Tuesday, June 14, 2011

Who's in charge at West Mesa High School?

Who's in charge at West Mesa High School; adults who "require"
students to attend classes, or the students, who between them
failed to attend 88,000 classes this year? link

It amounts to each student missing 13 full school days last year.

The graduation rate at WMHS is 59%.

There might be a correlation.

The correlation extends to every manifestation of students in
charge; tardiness, truancy, bullying, lack of respect and
responsibility, and every other permitted though prohibited
misdemeanor. The more rules students choose to disobey,
the lower their likelihood of success.

Ask the leadership of the the APS, who is "in charge" in schools.
They will tell you, they are.

If a person makes a rule, and another person disobeys that rule,
who is "in charge"?

It makes no difference if those who make the rules are a school
board, or an administration, or teachers; when students break
rules deliberately, they are in charge.

That students are in charge at any given school, correlates
directly with the school's success rate. Where those with
education, experience and expertise are in charge, the
likelihood of success increases. Where students are in charge,
the likelihood of success diminishes.

Why is the out of control of students not on the table when
the reform of public education is being discussed?

Either it is because there are no real teachers at the table, or
they sit at the table in too few numbers to influence the discourse.

It is because those who do have a seat at the table; those with
the power, the resources and the obligation to ensure that adults
are in charge at school, have failed miserably. They have failed
miserably and they don't want to be held accountable for their
failure. So student behavior is simply never brought up when
the discussion is about what needs to be done to "fix" public schools.

Teachers have enough to do, just to teach well. To saddle
them with responsibility for the behavior of students who don't
come to class or obey the rules when they do, is a waste of a
precious and expensive resource.


It's time for Supt Winston Brooks
and the leadership of the APS to
step up and take responsibility for
allowing students to take charge in
schools.

Instead, his cronies at the Journal
give him another 20 column inches
to extoll the success at Rio Grande
High School. (no link provided)

Not to begrudge them their success,
but if the resources that they have invested at Rio Grande HS,
were invested at every school, every school would do better.

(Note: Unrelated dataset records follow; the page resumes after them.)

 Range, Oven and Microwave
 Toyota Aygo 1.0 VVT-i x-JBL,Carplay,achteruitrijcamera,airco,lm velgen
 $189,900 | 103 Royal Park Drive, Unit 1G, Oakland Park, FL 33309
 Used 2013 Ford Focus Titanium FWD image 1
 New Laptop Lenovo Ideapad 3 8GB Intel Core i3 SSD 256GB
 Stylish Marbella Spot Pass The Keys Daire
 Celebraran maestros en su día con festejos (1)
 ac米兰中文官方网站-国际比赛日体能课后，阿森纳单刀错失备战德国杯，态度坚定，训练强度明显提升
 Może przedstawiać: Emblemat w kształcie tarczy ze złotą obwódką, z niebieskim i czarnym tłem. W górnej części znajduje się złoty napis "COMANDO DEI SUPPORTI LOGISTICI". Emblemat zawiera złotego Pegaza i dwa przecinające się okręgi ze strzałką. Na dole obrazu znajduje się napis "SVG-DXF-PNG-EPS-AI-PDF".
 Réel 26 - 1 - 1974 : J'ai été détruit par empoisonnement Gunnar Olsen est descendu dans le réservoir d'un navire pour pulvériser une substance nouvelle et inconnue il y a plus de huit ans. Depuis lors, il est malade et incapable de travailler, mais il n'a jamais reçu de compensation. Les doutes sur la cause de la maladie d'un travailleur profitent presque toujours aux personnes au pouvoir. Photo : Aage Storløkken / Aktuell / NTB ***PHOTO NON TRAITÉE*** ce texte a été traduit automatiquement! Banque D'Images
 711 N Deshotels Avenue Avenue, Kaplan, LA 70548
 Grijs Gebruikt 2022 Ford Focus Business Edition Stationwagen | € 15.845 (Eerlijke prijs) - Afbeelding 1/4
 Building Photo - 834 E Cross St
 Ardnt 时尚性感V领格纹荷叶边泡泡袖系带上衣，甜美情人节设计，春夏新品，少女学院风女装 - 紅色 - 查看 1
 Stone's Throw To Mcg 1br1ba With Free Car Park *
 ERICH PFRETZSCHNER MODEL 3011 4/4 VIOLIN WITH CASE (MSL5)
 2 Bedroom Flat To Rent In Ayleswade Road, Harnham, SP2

I am reminded about a line from a movie; two marines were
arguing about the relative worth of the F4 Phantom Fighter.
One observed;

"The F4 is a testament to the fact that with enough
horsepower, you can make a brick fly
."
Rio Grande High School is testament to the fact that if you invest
enough resources
and pay close enough attention, you can make
a failing school fly. Much like Brooks pet project; AVID, link,
there is no wonder that devoting extraordinary resources and
attention to kids who are themselves extraordinary (based on
their willingness to make the requisite investments of their own)
they can succeed.

It implies the application of resources and attention that are
simply unavailable except in extraordinary circumstances.

What is available, in every circumstance, is to return control
in schools to the adults. And in so doing, the success rate at
every one of those schools will climb.

What is lacking in that regard is an administrative will.
What is lacking is the character and courage even to admit
there is a problem.




photo Mark Bralley

4 comments:

Anonymous said...

Teachers can't teach if the student is not in class.
I report chronic absences to: PARENTS-usually no change, or they argue I'm wrong.
GUIDANCE COUNSELORS- "What are we supposed to do? We've got more important issues to deal with!"
ADMINISTRATION- "This is a problem for parents &/or guidance counselors to handle"
STUDENTS- "Who needs your boring class anyway?" or "I was here all those days...your attendance is wrong!"
Good question... what is the solution?

ched macquigg said...

The solution begins with ending the expectation that students will form a "thought choir" that thinks in unison for twelve grueling years.

Absenteeism is not a problem (except to the individual student) if s/he isn't expected to catch up or stay up, with students with better attendance.

The system creates the problem through cemetery seating instead of encouraging students to follow their educational path individually; at their own speed.

Anonymous said...

It is almost impossible in almost all school systems in the USA for a talented child to move beyond his/her grade level, to the level they can learn at.
For example, in a school I taught at before, a 7th grader,daughter of 2 physics professors, was more than ready for Algebra I, which is a 9th grade subject. The family had to get lawyers and fight the school board for her to go to an algebra class (which was in the same building as her middle school).
Why is it it that a 6th grade student that reads and writes at 8th grade level, not in an 8th grade Language Arts class?
These staunchy old US educational traditions like cemetary seating are killing our kids opportunities to learn!

Anonymous said...

i can say with experience that this problem is not just a west mesa problem. this truancy issue is more widespread, even within schools that are seemingly successful.
there are two main causes: administration and parents. admin does not enforce a strict attendance policy in fear of denying students credit, and thus having higher failure rates. if this culture of leniency was changed then society would respond. but it hasn't changed, and now we have parents who enable their students, calling them out of class for no reason at all. i have a least a dozen students each year take off a week here or there for a cruise, or for a hunting trip right in the middle of the semester. and of course these are not the students that can afford to miss such time. but it doesn't matter.
more and more students don't want to come to class and of course they always get what they want. god forbid anyone makes a student do something they don't want to. and without administrative policy enforcement parents will enable their kids year after year.